We all know what a tumbleweed is, right? The funny-looking dried-up plant balls are typically seen rolling across desolate landscapes in Western movies, accompanied by Ennio Morricone scores. These aren’t just movie props, of course, as southern and western states see real tumbleweeds all the time. However, I’m not sure many of us have seen tumbleweeds like this.
In Utah, winter winds can create enormous tumbleweed storms that block roads and bury entire houses and vehicles. Over the weekend, winds from a winter storm in South Jordan, Utah blew thousands of tumbleweeds across parts of the city and through neighborhoods. It’s shocking to see tumbleweeds pile so high that they completely block out the first story of several homes on a single block. It’s like watching a tidal wave of dusty plants pile up outside peoples’ front doors.

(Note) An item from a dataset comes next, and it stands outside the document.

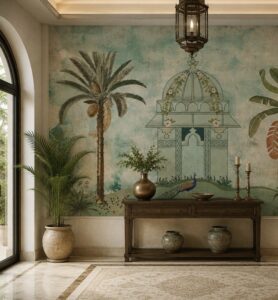 Vintage tropical wallpaper mural with palm trees, peacock, and architectural pavilion in soft pastel tones.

You might think they’re just light, dusty plants so who cares, they’ll just blow away. However, they’re actually quite a problem. For starters, they hurt. Tumbleweeds are thorny, prickly things and if they blow into you, they burt. They aren’t exactly dangerous but isn’t exactly comfortable to get hit by one, either. Secondly, when hundreds or even thousands of them pile up, they’re difficult to move. South Jordan city workers had to get plow trucks and even excavators to move all of the tumbleweeds. City officials asked residents to only use specified tumbleweed dumpsters to dispose of them.
When they pile up on a road, they can completely block vehicles from passing through, too. In a video posted by littlewedgies on Instagram, you can see a plow truck attempt to drive through a sea of tumbleweeds and it simply disappears under a mountain of them. If other cars were to drive through such a tumbleweed blockade, they’d suffer the same fate, or worse, which could be dangerous. Not to mention they’d scratch the hell out of the cars.
However, some Utah residents are turning this into a business opportunity. According to Fox 13 News Utah, some residents are collecting the tumbleweeds and making things out of them to sell on Etsy and eBay. Someone reportedly even paid $2,000 for a tumbleweed chandelier.
Who knew something as seemingly harmless as tumbleweeds could be such a big problem?